Definition of ML given by Arthur Samuel in 1959
“ the field of study that gives computer the ability to learn without being explicitly programmed”.
Definition of ML given by Tom Mitchell in 1997
“ A computer program is said to learn from experience E with respect to some class of tasks T and performance measure P, if its performance at tasks in T, as measured by P, improves with experience E”.
Example : playing checkers
E = the experience of playing many games of checkers
T = the task of playing checkers
P = the probability that the program will win the next game
In general, any ML problem can be assigned to one of 3 broad classifications :
- Supervised Learning
- Unsupervised Learning
- Reinforcement Learning
Supervised Learning : In the supervised learning, we are given a dataset and already know what our correct output should look like, having the idea that there is a relationship between the input and the output.
- Supervised Learning problems are categorized into “Regression” and “Classification” problems.

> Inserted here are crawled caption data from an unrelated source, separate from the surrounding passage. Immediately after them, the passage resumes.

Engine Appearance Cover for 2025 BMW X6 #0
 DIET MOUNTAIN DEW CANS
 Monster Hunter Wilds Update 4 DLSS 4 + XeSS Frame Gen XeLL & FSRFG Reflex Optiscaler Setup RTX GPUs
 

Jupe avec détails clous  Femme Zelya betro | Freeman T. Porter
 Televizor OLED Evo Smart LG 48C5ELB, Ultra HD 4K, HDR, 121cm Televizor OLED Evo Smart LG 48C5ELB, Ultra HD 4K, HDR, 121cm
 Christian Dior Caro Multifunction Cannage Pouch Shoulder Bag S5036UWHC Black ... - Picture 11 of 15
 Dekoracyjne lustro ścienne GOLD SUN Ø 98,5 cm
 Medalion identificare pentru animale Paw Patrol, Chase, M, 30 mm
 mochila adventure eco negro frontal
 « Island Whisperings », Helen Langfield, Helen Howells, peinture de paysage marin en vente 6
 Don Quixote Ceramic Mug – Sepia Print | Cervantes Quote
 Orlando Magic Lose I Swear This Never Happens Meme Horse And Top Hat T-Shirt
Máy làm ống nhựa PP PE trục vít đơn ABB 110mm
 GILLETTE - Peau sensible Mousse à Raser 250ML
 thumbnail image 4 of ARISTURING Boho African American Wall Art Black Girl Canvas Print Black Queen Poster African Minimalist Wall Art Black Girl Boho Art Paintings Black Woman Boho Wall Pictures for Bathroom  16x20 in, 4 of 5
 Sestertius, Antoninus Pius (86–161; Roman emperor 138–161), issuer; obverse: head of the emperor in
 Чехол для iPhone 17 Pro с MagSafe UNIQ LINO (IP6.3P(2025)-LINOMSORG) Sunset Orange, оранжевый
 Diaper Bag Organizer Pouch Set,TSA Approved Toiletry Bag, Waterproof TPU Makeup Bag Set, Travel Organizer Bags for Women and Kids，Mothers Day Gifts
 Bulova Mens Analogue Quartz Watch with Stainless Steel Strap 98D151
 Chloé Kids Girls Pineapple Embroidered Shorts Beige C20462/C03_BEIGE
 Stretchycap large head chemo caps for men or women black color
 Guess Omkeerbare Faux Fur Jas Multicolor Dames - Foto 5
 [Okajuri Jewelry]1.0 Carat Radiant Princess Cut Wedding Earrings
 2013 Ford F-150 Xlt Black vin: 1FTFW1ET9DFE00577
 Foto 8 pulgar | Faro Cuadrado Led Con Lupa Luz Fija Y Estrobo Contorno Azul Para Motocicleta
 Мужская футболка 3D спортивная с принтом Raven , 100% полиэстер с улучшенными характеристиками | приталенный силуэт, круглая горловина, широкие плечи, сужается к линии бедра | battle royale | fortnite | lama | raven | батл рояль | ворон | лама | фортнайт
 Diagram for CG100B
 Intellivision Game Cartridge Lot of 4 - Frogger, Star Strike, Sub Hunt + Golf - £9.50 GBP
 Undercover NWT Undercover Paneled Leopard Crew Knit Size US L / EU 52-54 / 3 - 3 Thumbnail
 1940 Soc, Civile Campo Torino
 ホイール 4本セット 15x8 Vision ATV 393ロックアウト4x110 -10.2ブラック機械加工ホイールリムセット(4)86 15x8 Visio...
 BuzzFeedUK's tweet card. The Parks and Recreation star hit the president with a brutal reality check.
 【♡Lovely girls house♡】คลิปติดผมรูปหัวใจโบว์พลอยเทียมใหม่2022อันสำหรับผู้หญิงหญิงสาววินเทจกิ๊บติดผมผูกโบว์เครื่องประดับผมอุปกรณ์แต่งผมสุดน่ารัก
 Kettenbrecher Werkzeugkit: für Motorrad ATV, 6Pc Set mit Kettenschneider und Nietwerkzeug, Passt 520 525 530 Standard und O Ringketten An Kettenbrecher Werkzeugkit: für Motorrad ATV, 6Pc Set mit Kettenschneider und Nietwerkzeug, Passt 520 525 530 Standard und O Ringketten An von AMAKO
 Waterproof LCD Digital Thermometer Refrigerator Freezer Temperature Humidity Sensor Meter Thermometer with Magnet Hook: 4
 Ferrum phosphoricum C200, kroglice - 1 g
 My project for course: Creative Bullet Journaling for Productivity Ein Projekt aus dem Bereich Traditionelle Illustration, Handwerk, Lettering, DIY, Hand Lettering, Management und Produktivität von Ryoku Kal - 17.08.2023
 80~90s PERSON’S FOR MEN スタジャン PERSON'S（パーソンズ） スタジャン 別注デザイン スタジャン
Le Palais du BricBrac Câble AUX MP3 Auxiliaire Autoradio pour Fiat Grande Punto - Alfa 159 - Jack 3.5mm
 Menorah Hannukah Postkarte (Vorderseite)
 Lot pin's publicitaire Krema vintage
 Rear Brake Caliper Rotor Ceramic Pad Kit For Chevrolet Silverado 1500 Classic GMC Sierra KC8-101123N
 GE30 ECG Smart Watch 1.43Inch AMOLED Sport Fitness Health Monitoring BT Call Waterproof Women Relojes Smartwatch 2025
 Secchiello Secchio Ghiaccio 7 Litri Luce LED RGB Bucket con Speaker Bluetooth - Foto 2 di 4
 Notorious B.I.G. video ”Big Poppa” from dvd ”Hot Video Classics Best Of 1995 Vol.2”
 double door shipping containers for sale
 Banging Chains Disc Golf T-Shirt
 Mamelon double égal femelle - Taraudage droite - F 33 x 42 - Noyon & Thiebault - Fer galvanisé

- In regression problem, we are trying to predict results within a continuous output, meaning that we are trying to map input variables to some continuous function.
- In classification problem, we are instead trying to predict results in a discrete outputs. In other words, we are trying to map input variables into discrete categories.
Unsupervised Learning : Unsupervised Learning allows us to approach problems with little or no idea what our results should look like. We can derive structure from data where we don’t necessarily know the effect of the variables.
We can derive this structure by clustering the data based on relationship among the variables in the data.
Reinforcement Learning : In reinforcement learning, an artificial intelligence faces a game-like situation. The computer employs trial and error to come up with a solution to the problem. To get the machine to do what the programmer wants, the artificial intelligence gets either rewards or penalties for the actions it performs. Its goal is to maximize the total reward.
Although the designer sets the reward policy–that is, the rules of the game–he gives the model no hints or suggestions for how to solve the game. It’s up to the model to figure out how to perform the task to maximize the reward, starting from totally random trials and finishing with sophisticated tactics and superhuman skills.